La Matrice ne comporte aucune référence directe à Platon, mais il évoque la question posée en suivant l'analogie platonique. La caverne, après tout, n'était pas la réalité ultime pour Platon. Le prisonnier libéré quitte la caverne et découvre la réalité véritable à l'extérieur, le Monde des Formes, sur lequel règne la Forme de la Bonté. Serait-ce possible que le “monde réel” dans lequel Néo se réveille soit également une simulation, de la réalité virtuelle? Ce serait une tournure intéressante pour La Matrice II, mais il n'y a aucun indice de tout ça ici. À vrai dire, par d'autres indices, La Matrice nous porte à la réflexion, même si le “monde réel” est le vrai monde, le monde véritable n'est peut-être pas si “réel” après tout.

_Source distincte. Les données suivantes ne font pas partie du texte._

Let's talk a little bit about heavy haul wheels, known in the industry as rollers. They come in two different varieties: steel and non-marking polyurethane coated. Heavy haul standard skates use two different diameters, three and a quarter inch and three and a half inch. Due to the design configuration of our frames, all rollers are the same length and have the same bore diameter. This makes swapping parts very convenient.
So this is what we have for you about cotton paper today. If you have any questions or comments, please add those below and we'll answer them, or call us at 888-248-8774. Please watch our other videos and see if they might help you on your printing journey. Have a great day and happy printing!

Morpheus apprend à Néo que, dès qu'il devient conscient que La Matrice n'est qu'une simulation par ordinateur, il devient possible de la manipuler. Morpheus, Trinité, et les autres membres de la “Résistance” ont tous développés cette capacité, ce qui explique pourquoi Trinité ait pu éviter les balles, courir sur un mur, et faire des sauts innouïs – sa disparition, bien sûr, n'était simplement que le retrait de son corps virtuel de La Matrice. Ce que Morpheus recherche vraiment, par contre, c'est quelqu'un, “L'Élu,” qui peut manipuler La Matrice à volonté et créer une infinité de résultats, c'est-à-dire. faire stopper les balles en plein vol ou vaincre les “Agents,” qui sont “programmes intelligents” invincibles dont la mission est de tuer les gens comme Morpheus, Trinité, et Néo (qui ne peuvent survivre même à une mort “virtuelle”) et détruire la Résistance. L'apogée du film, bien sûr, est atteint lorsque Néo développe cette habileté, est révélé comme étant L'Élu, vainc les Agents et peut commencer la libération de l'humanité.

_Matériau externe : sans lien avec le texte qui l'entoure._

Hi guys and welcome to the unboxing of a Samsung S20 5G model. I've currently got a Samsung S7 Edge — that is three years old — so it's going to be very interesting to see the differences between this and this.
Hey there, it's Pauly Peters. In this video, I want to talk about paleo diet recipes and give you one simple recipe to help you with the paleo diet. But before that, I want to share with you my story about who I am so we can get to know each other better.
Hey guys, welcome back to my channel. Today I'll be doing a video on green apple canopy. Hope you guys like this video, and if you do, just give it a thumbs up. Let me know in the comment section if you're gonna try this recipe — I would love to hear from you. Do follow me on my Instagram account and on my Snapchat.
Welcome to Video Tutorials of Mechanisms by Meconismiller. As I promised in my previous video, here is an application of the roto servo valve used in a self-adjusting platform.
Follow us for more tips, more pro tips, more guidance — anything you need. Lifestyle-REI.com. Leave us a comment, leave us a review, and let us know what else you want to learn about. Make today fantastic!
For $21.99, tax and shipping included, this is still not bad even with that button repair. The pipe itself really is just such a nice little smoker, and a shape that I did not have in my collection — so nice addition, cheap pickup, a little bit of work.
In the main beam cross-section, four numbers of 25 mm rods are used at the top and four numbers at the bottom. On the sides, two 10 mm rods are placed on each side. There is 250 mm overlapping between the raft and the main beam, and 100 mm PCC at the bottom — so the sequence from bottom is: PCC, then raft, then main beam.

En cours de route, cependant, une foule de choses se produisent. Après sa formation initiale, Néo est amené vers “l'Oracle,” une vieille dame (jouée par Gloria Foster) qui semble posséder la capacité de voir le futur. Pendant qu'il attend pour la rencontrer, nous voyons une scène importante. Néo est laissé dans une pièce où se trouve plusieurs enfants qui semblent être des adeptes d'actes impossibles à accomplir. L'un d'eux lit aussi un livre en Chinois. Un autre jeune garçon, qui est habillé comme Mahâtmâ Gethi, est assis en toute tranquillité dans la position du Lotus, faisant plier une cuillère par télékinésie. La chose extraordinaire à propos du monde de La Matrice c'est que nous n'avons aucune difficulté à croire que ce genre de chose est possible. Les habiletés paranormales ne sont plus miraculeuses lorsque nous savons que ce ne sont que des simulations par ordinateur. Mais Néo, vivant dans ce monde, a bien sûr un peu plus de difficulté à saisir comment cela peut être possible. Le jeune garçon lui explique le phénomène alors avec peut-être la phrase la plus importante du film, “Il n'y a pas de cuillère.”. Maintenant, ce n'est pas le genre de chose que Platon dirait. Ce pourrait-être l'évêque Berkeley, mais il n'y a rien dans La Matrice qui suggére le moindre scepticisme empirique. Quelle tradition importante pourrait nous permettre de faire une telle déclaration à l'égard du monde “ réel ”?

 

Il s'agit plutôt du Bouddhisme. La cuillère est “vide”. Elle n'a pas de “nature propre”, aucune essence ou réalité durable. Elle existe seulement en rapport avec tout le reste (“existence relative” et “origine dépendante”). C'est ce que le garçon affirme:  Néo peut déformer la cuillère en se déformant lui-même, ou en déformant son propre esprit. Bien qu'il n'y a aucune référence directe au Bouddhisme dans La Matrice, la conclusion est difficile à éviter étant donné (1) le contexte des arts martiaux, (2) le livre en chinois, (3) le fait que le code qui nous est présenté comme étant celui de La Matrice ne soit pas numérique mais vaguement, ou directement, comme des caractères chinois ou des syllabes kana japonaises, (4) le fait que Néo “s'éveille” -- ce que le nom Bouddha signifie, (5) le fait que Keanu Reeves a déjà joué le rôle du Bouddha auparavant, (6) le Gethi ou l'enfant-Bouddha, et (7) des énoncés caractéristiquement paradoxaux, tel “Il n'y a pas de cuillère.” L'importance de cette réplique est consolidée lorsque Néo le répète délibérément, alors que lui et Trinité poursuivent leur tâche de délivrer Morpheus après sa capture par les Agents.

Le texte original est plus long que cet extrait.